Starting at the line that contains "PARAZITLARNI RIVOJLANISH SIKILLARI 4", write out every line to the end of the records below exactly, and leave out the pictures.

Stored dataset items
┌──

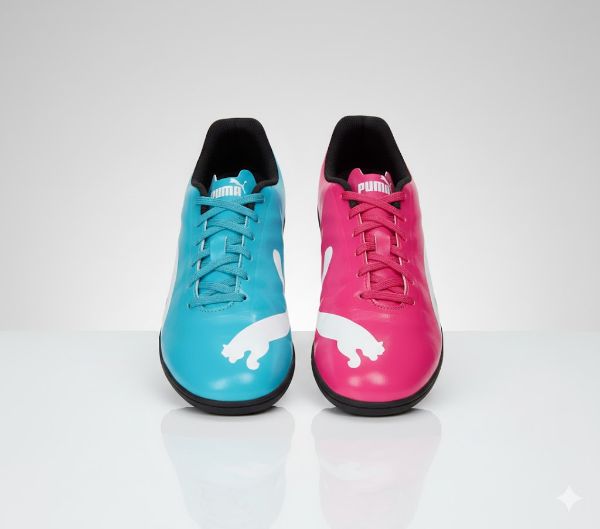 صورة شوز بوما أطفال شوز احمر + شوز ازرق سماوي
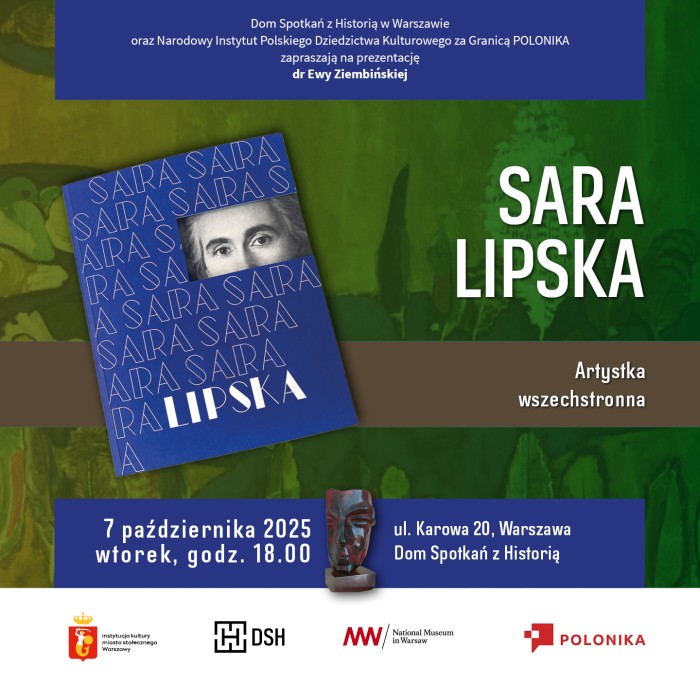 Otwórz zdjęcie Spotkanie z autorką książki - Sara Lipska. Artystka wszechstronna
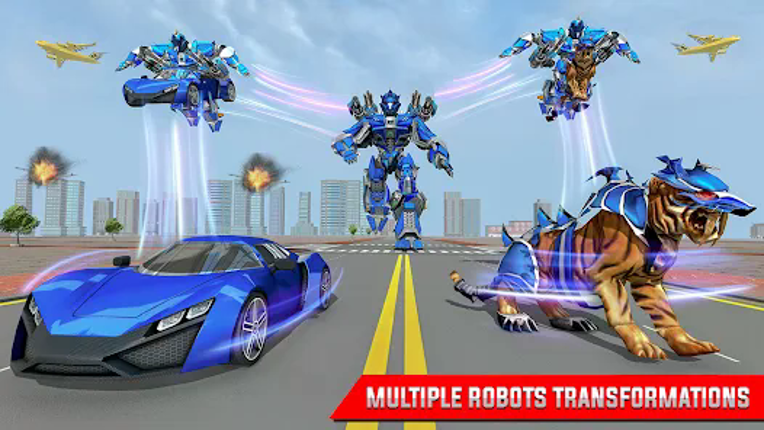 Police Tiger Robot Car Game 3D Image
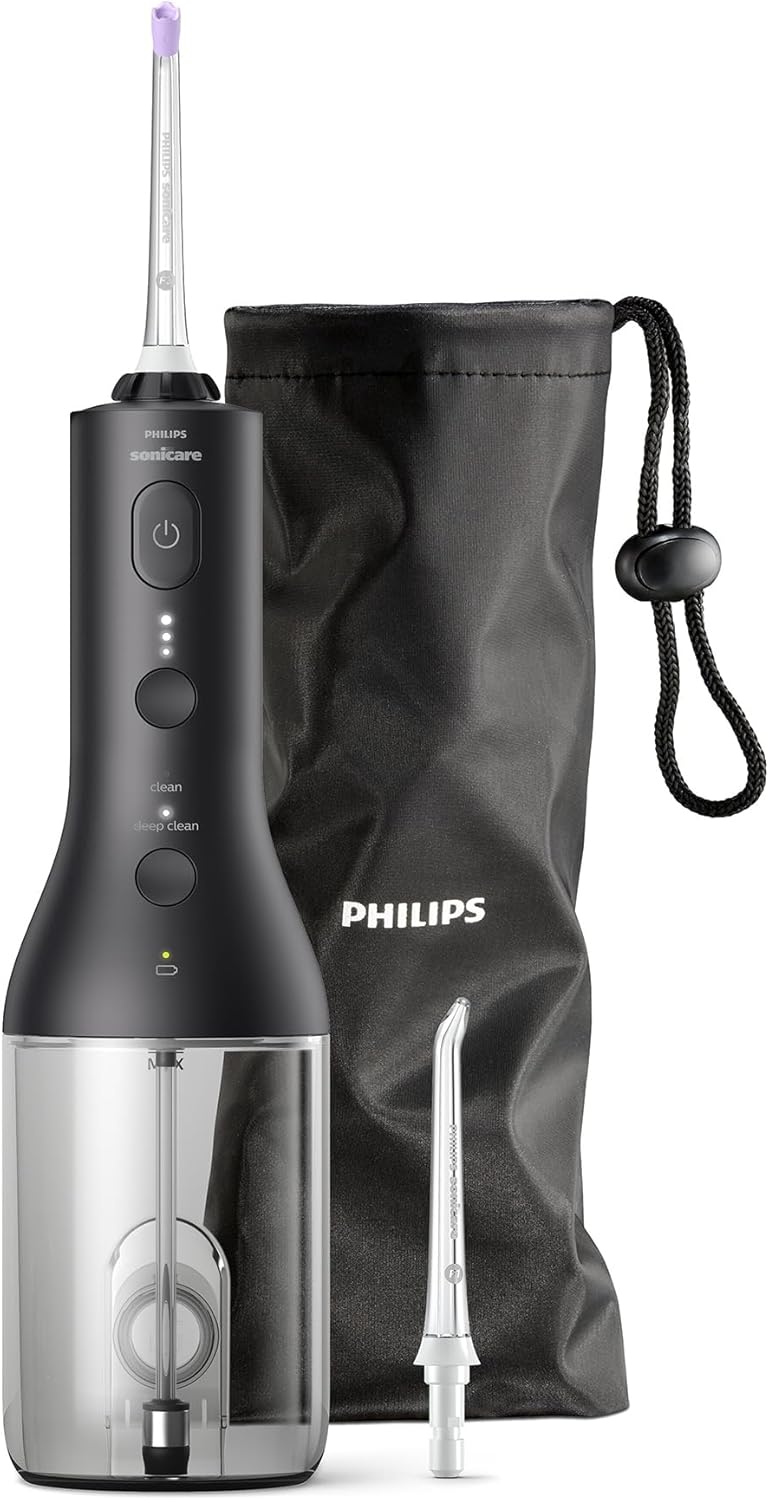 Philips Cordless Power Flosser 3000 with Quad Stream Technology, Ergonomic Design, black - Image 1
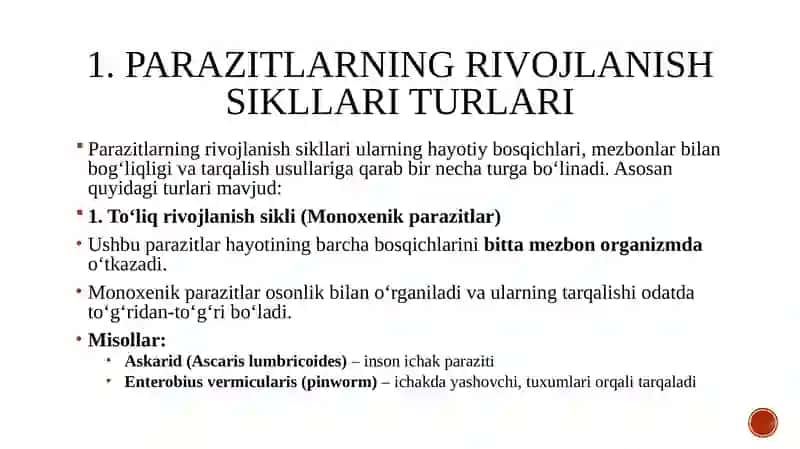 PARAZITLARNI RIVOJLANISH SIKILLARI 4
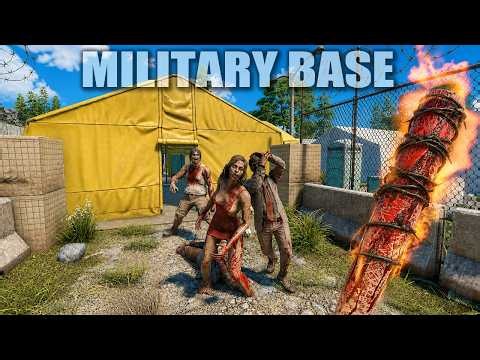 Military Base Day 13 Survival - 7 Days To Die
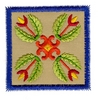 Folkart Quilt Pattern Applique (large)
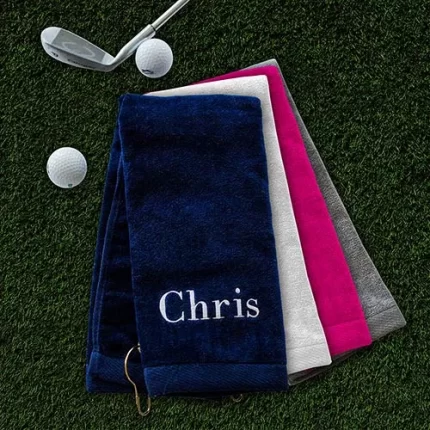 Personalized Golf Towel - Embroidered Golf Gift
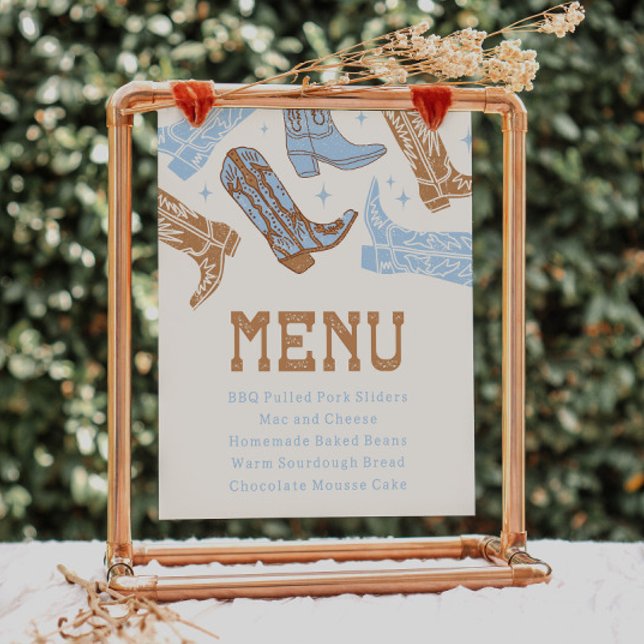 Rótulo de menú occidental editable de 8 x 10 (Subido por el creador)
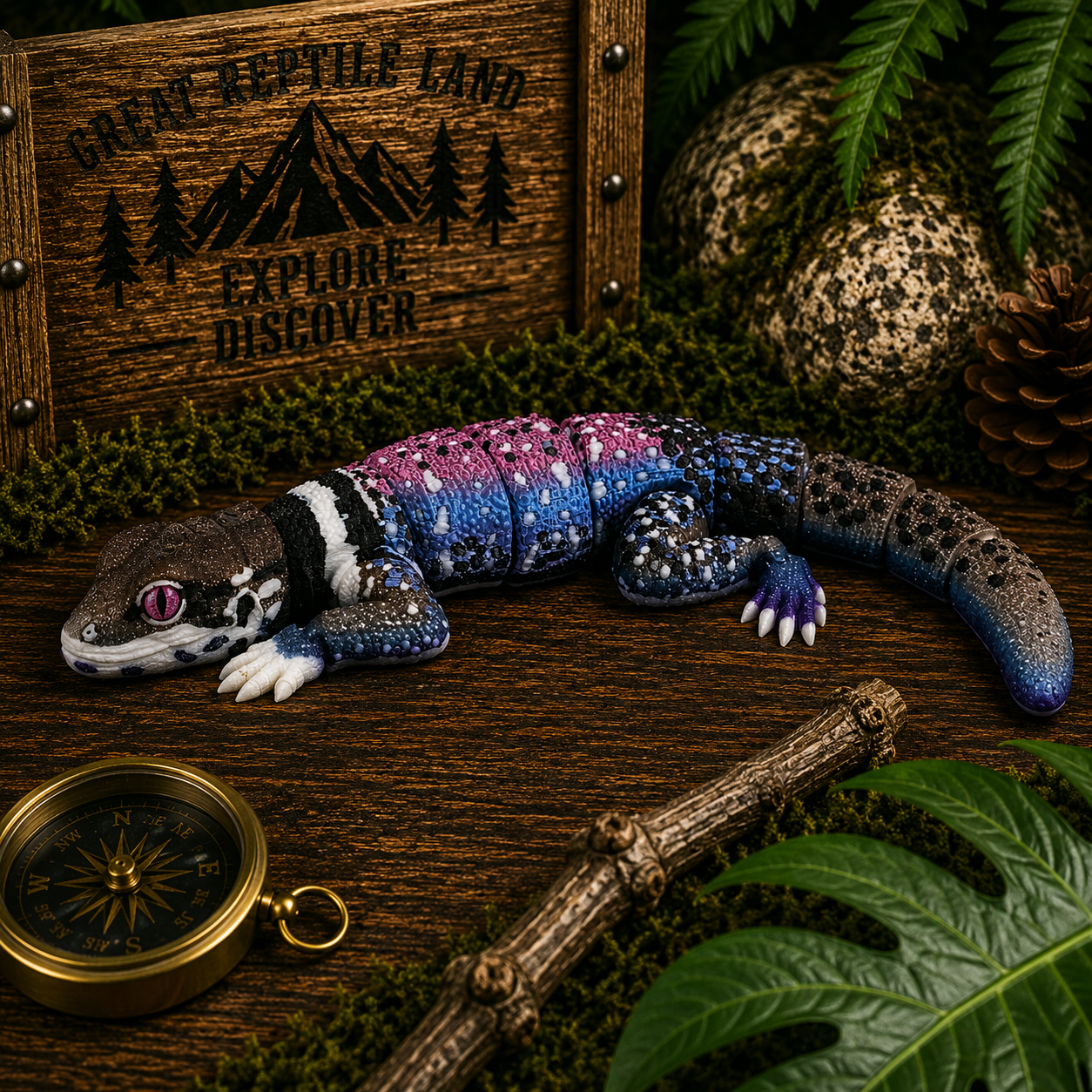 Prospect 3D - 3D Printed Lizard Babies – Adorable Bearded Dragons, Horned Lizards & More (5" Wide, 6–8" Long)
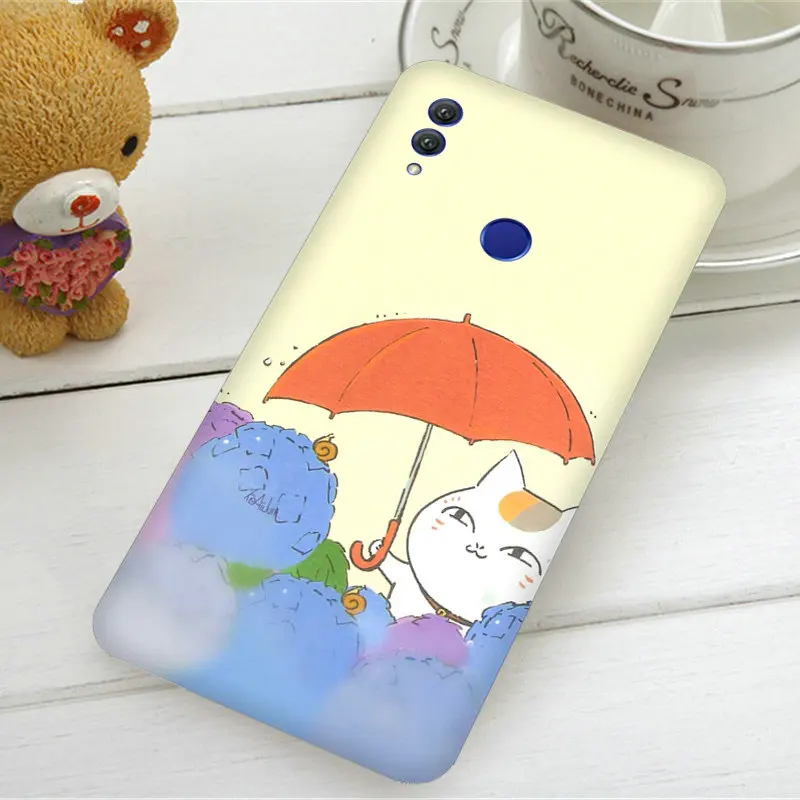 Мягкий Силиконовый ТПУ чехол с изображением кошки Nyanko Sensei natove Yuujinchou для Huawei P8 P9 P10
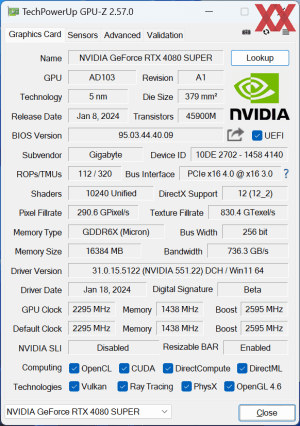 Gigabyte GeForce RTX 4080 Super Gaming OC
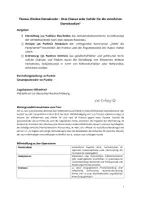 Vorschau - Klassenarbeiten - EF Klausur zum Thema Direkte Demokratie - Deckblatt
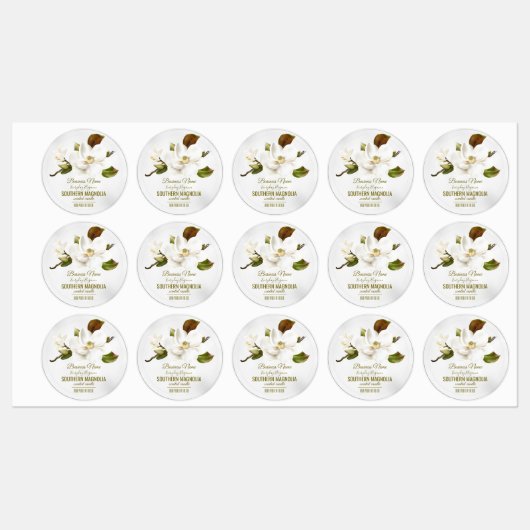 Magnolia Flower Labels (Vel)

└──

__WRITTEN ANSWER__
 PARAZITLARNI RIVOJLANISH SIKILLARI 4
 Military Base Day 13 Survival - 7 Days To Die
 Folkart Quilt Pattern Applique (large)
 Personalized Golf Towel - Embroidered Golf Gift
 Rótulo de menú occidental editable de 8 x 10 (Subido por el creador)
 Prospect 3D - 3D Printed Lizard Babies – Adorable Bearded Dragons, Horned Lizards & More (5" Wide, 6–8" Long)
 Мягкий Силиконовый ТПУ чехол с изображением кошки Nyanko Sensei natove Yuujinchou для Huawei P8 P9 P10
 Gigabyte GeForce RTX 4080 Super Gaming OC
 Vorschau - Klassenarbeiten - EF Klausur zum Thema Direkte Demokratie - Deckblatt
 Magnolia Flower Labels (Vel)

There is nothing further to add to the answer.